=== Section Start ===
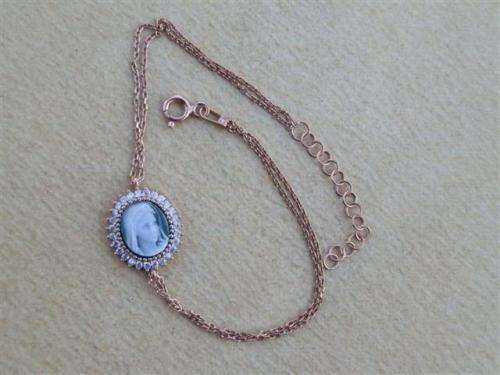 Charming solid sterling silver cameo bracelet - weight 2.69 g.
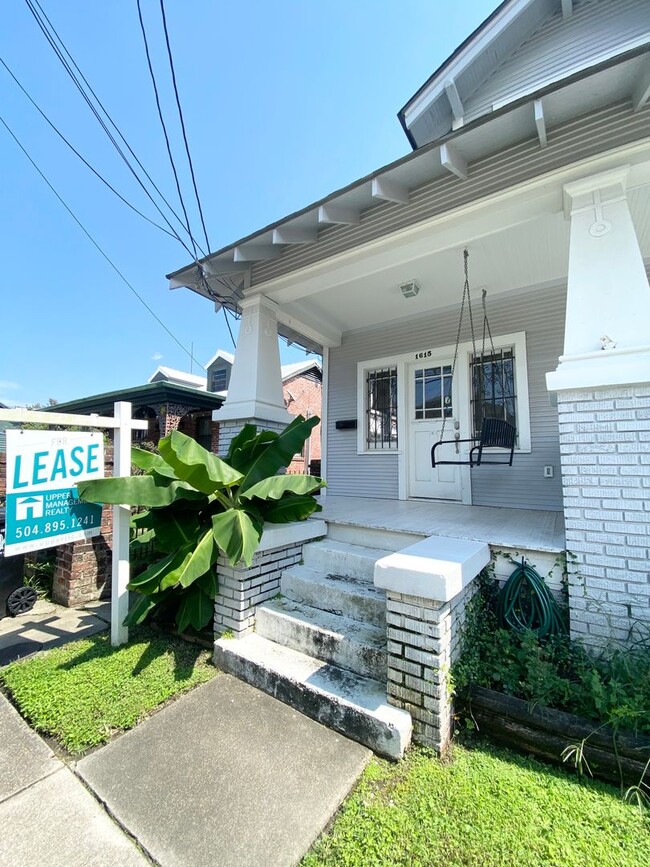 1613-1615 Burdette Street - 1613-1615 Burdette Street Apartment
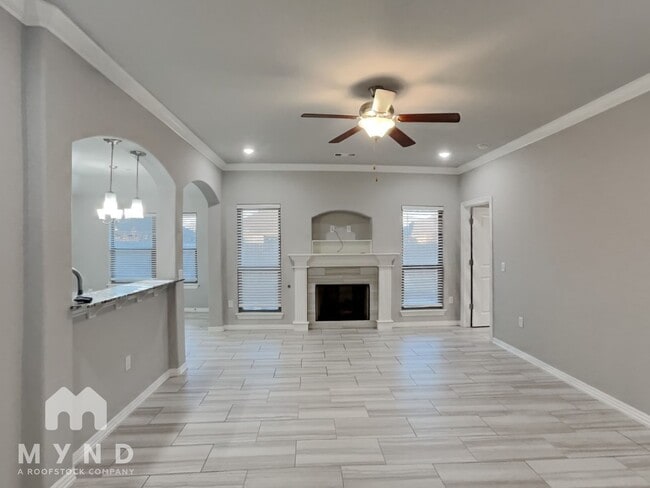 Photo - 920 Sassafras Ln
=== Section End ===
=== Section Start ===
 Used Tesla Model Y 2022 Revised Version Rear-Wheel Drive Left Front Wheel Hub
=== Section End ===
#### Assignment:
Only one stretch of the material above is wanted: the line containing "1613-1615 Burdette Street - 1613-1615" through the line containing "Photo - 920 Sassafras Ln". Restate it word for word, minus the pictures.

#### Task output:
 1613-1615 Burdette Street - 1613-1615 Burdette Street Apartment
 Photo - 920 Sassafras Ln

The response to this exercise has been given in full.